Every so often, a product comes along and takes the best of almost everything that came before it and packages those things into a beautiful and functional device that’s hard not to admire.
The HTC One M8 is such a product.
Almost every smartphone comes with its fair share of warts, and the HTC One M8 is no different in that regard. But the M8 has learned from user behaviors and the competitive landscape, which amounts to an excellent device that stands atop the Android heap and next to (if not above) Apple’s iPhone or any Nokia Lumia available.
A Company In Flux
For the second year in a row, HTC has built what will likely be one of the year’s best reviewed smartphones (if the M8 can withstand the competition over the rest of 2014), but the company’s revenue and market share remain flat.

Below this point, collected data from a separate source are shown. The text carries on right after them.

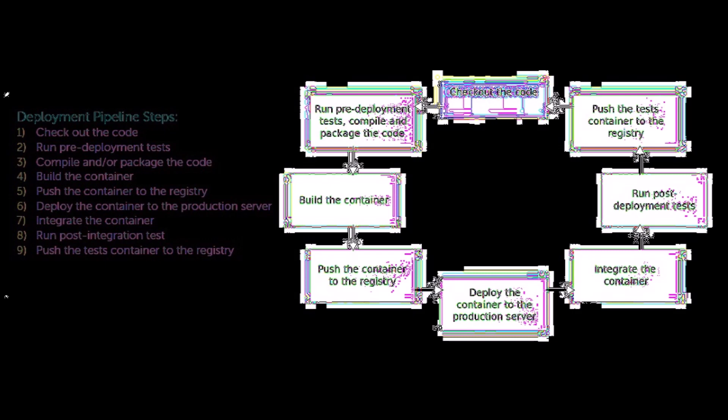Five, pushing the container to the registry; six, deploying the container to the production server; seven, integrating the container; eight, running the post-integration tests.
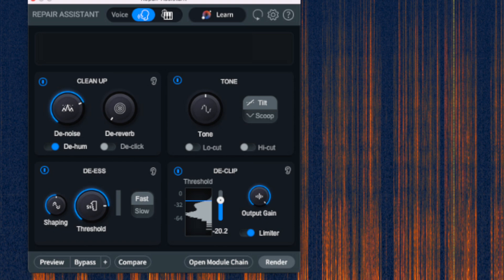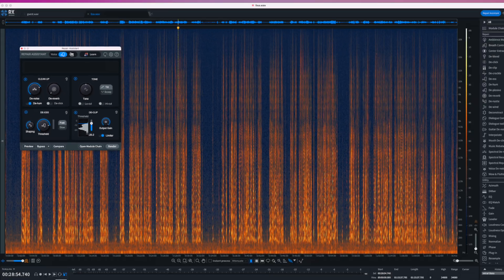Next we have the tone section, which has a control for tone and a choice of two modes — tilt and scoop — and toggles for low and high-cut filters. Underneath tone is the D-clip section with controls for threshold and output gain, and a toggle to turn on and off the limiter. We finish up with the DS module, which has controls for shaping and threshold, and a choice between fast and slow modes. All except for the tone section have a solo mode, which allows you to listen to only what is being removed, to help you dial in your settings.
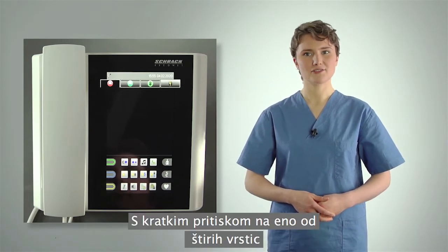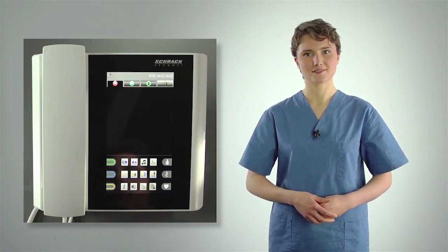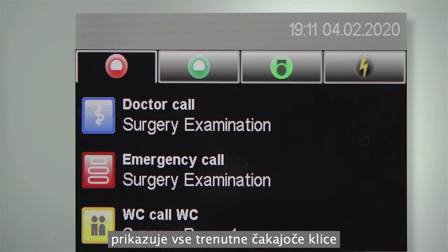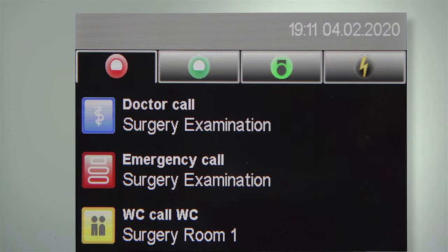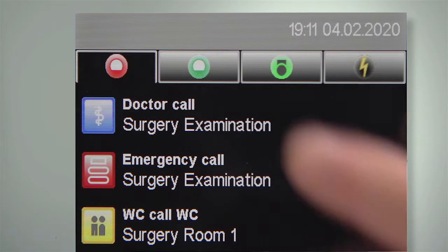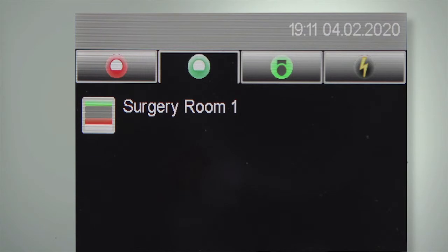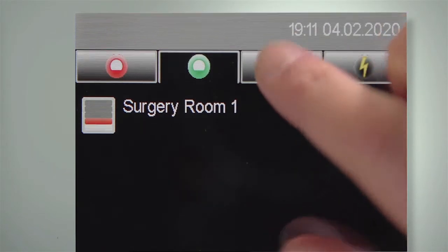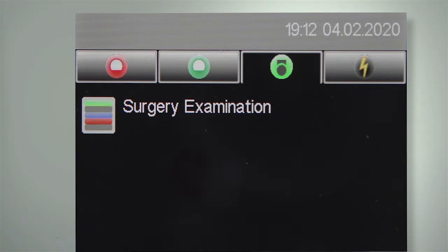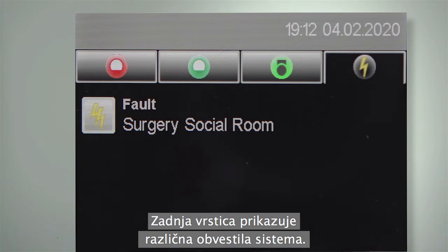Briefly pressing one of the four list tabs across the top opens the corresponding tab. The call list on the far left displays all current calls in order of priority. The most important current call is always at the top. Next to it is the tab for all rooms that currently have reminders. To the right is the tab for all rooms with set presences. The last tab displays various system messages.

See also: How The HTC One M8 Smartphone Camera Performs In The Real World
The reason for HTC’s stagnation is open for debate. HTC will claim it hasn’t been able to effectively market its phones. The manufacturer recently just hired the Samsung marketer responsible for the “Next Big Thing” campaign but HTC cannot compete with Apple and Samsung in marketing dollars. Another argument is that HTC has been damaged by cellular operators that lust after exclusive agreements to carry a device. Maybe the decline has come from production and shipping delays of its last two flagship devices, or patent battles with the likes of Apple.
In reality, HTC’s failures are a combination of all of the above.
The question continually asked by pundits is whether the newest HTC flagship can pull the company out of the mire. At ReadWrite, we tend to believe in quality products, so the answer is a definite “maybe.” It’s hard to be positive knowing all the extenuating factors: Motorola made a great smartphone with the Moto X and hemorrhaged money until Google had to sell it to Lenovo. Nokia has done some fine work with the Lumia series and hemorrhaged money until it sold to Microsoft.
If HTC is to fail with its own flagship smartphone, it represents a pox on all of the houses in the smartphone manufacturing world. A pox on Apple and Samsung for creating an anti-competitive market. A pox on HTC for failing to achieve the success that its design chops deserve. A pox on Google for allowing the maker of some of the best smartphones on the market to whither and die.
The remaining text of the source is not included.